● Records for processing
-- Opening Marker --

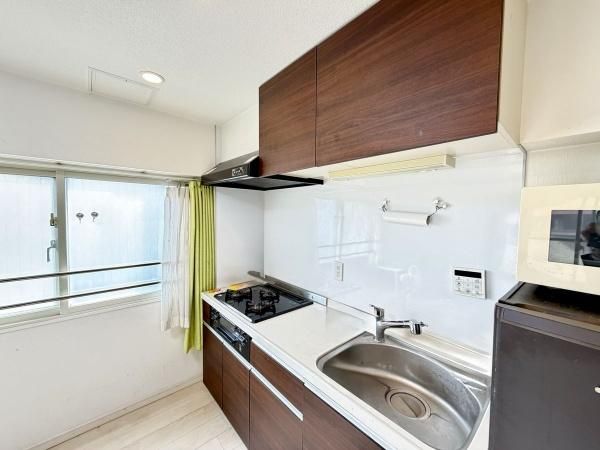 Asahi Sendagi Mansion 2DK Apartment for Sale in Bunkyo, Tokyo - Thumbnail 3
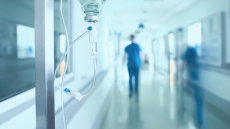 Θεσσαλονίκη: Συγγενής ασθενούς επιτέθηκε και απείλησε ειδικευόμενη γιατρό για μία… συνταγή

-- Closing Marker --
-- Opening Marker --

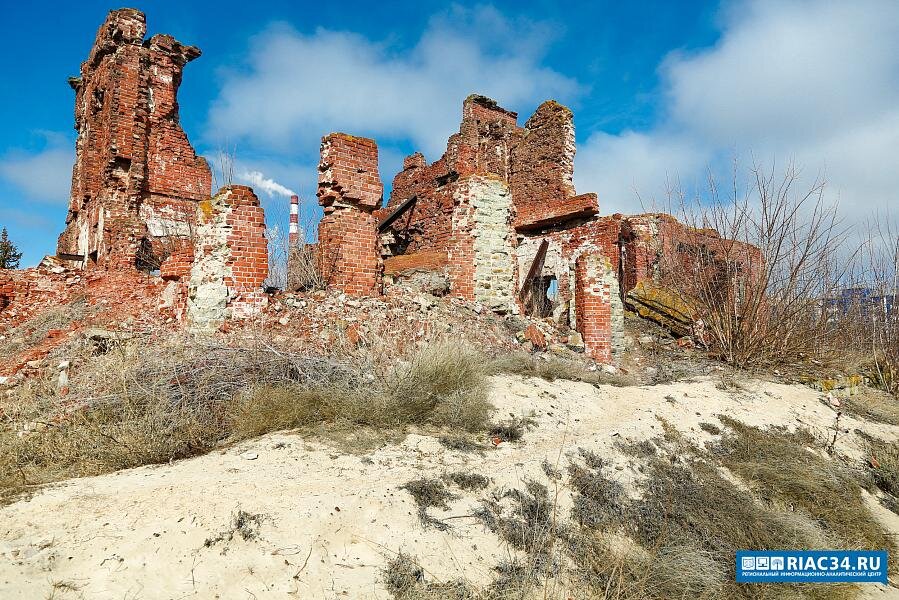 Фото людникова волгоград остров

-- Closing Marker --

● Your instructions
Now transcribe the lines above exactly, starting at the line containing "Asahi Sendagi Mansion" and ending at the line containing "Θεσσαλονίκη: Συγγενής ασθενούς", both lines included, pictures excluded.

● Response for this exercise
 Asahi Sendagi Mansion 2DK Apartment for Sale in Bunkyo, Tokyo - Thumbnail 3
 Θεσσαλονίκη: Συγγενής ασθενούς επιτέθηκε και απείλησε ειδικευόμενη γιατρό για μία… συνταγή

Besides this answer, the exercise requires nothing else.